7 Replies to “what is the benefit of fund switch in ULIP insurance plan?”

  1. In any ULIP plan, there are different funds which are either based on equity, debt or mix of both. Each fund has different NAV (Net Asset Value) or the cost of 1 unit,which changes every time there is some change in equity or debt market condition.
    If someone switches from one fund to another and NAV of fund is different,then number of units will change, but the fund value will remain same.


    Vishal Kashyap,

  2. Hi!
    All companies give the feature of Switching the Funds in ULIP’s . Since it is good option to practice it. Its related to market conditions and if market favors then fund is invested in Equity , but if its on down size then debt is best place to position the fund. And above all there are no charges for initial switchings.
    and if you compare it with MF then one will have to pay the cost of managing his own funds.

    Hence it is advisable to switch the funds only when required.




  3. Whenever you invested in ULIP policies you should keep on watching the NAV of the invested fund. suppose you have invested in Growth or equity fund , the fund value reaches the certain percentage and share market is not performing well immediately you should switch your fund to secure fund or balanced fund.

    for further clarification keep in touch through [email protected]

  4. Markets are always volatile and unpredictable.

    Switching is related with your risk appetite. When you become risk averse, you should switch from equity to debt and vise-versa.

    Switching from equity to debt might increase your no of units but not the fund value.

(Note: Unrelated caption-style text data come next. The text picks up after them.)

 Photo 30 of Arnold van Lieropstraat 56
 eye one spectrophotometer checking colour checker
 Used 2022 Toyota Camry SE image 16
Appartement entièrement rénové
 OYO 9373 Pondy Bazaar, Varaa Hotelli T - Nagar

  5. Individuals can switch between the ULIP variants outlined above to capitalise on investment opportunities across the equity and debt markets. Some insurance companies allow a certain number of free’ switches. This is an important feature that allows the informed individual/investor to benefit from the vagaries of stock/debt markets. For instance, when stock markets were on the brink of 7,000 points (Sensex), the informed investor could have shifted his assets from an Aggressive ULIP to a low-risk Conservative ULIP.

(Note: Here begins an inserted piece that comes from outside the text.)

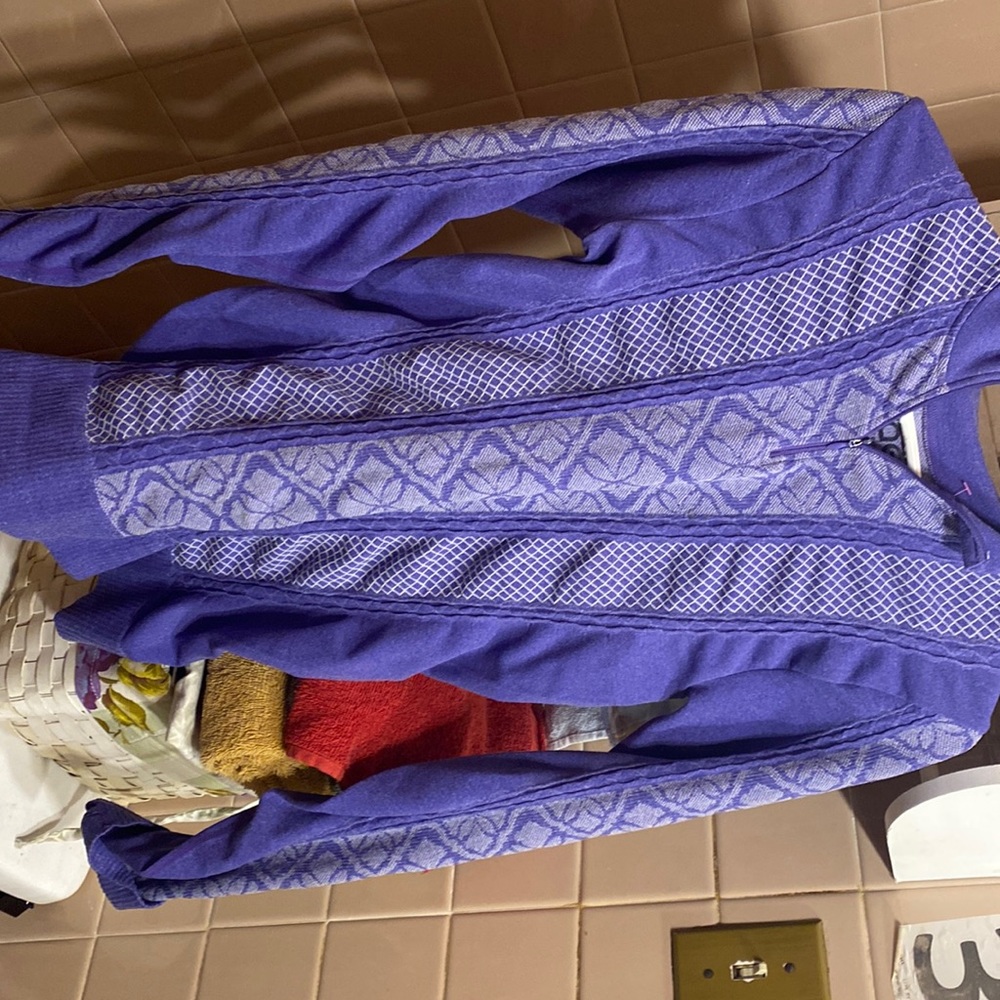 Purple athletic zipper crew neck with patterns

    Switching also helps individuals on another front. They can shift from an Aggressive to a Balanced or a Conservative ULIP as they approach retirement. This is a reflection of the change in their risk appetite, as they grow older.

  6. There are switch facility provided in ULIP its means you have to move your fund invested from one sigment to another suitable sigments which is appropriate suitable in the volatile market.

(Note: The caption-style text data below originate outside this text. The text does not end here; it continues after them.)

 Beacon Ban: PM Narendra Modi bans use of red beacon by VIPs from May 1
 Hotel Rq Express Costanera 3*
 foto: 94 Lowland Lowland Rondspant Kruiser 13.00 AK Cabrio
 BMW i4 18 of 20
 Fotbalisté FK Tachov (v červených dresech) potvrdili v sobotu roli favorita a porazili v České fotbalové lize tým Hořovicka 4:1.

    The advantage is to take benefit of equity & debts markets due to markets are always volatile.

    When market is continuously goes up side the equity option is best and when market is continuously goes down side the debts option is best.

    Use of proper switching option increase the number of units as well fund value due to each funds have different NAV.

  7. Insurance company maintains different kind of funds and these funds have different ration of exposure to risk, Like if 70-80% money will be in equity it will be carrying more risk with it, where as if money is invested in govt securities then returns will be lower but there will not be any risk attached to it.

    So as per the market situation you can do the switches and save your money from risk, suppose if market is doing well you can switch from govt/debt fund to equity(growth) fund, and if market is not doing well so you can put your money back to govt/Debt (secured) fund.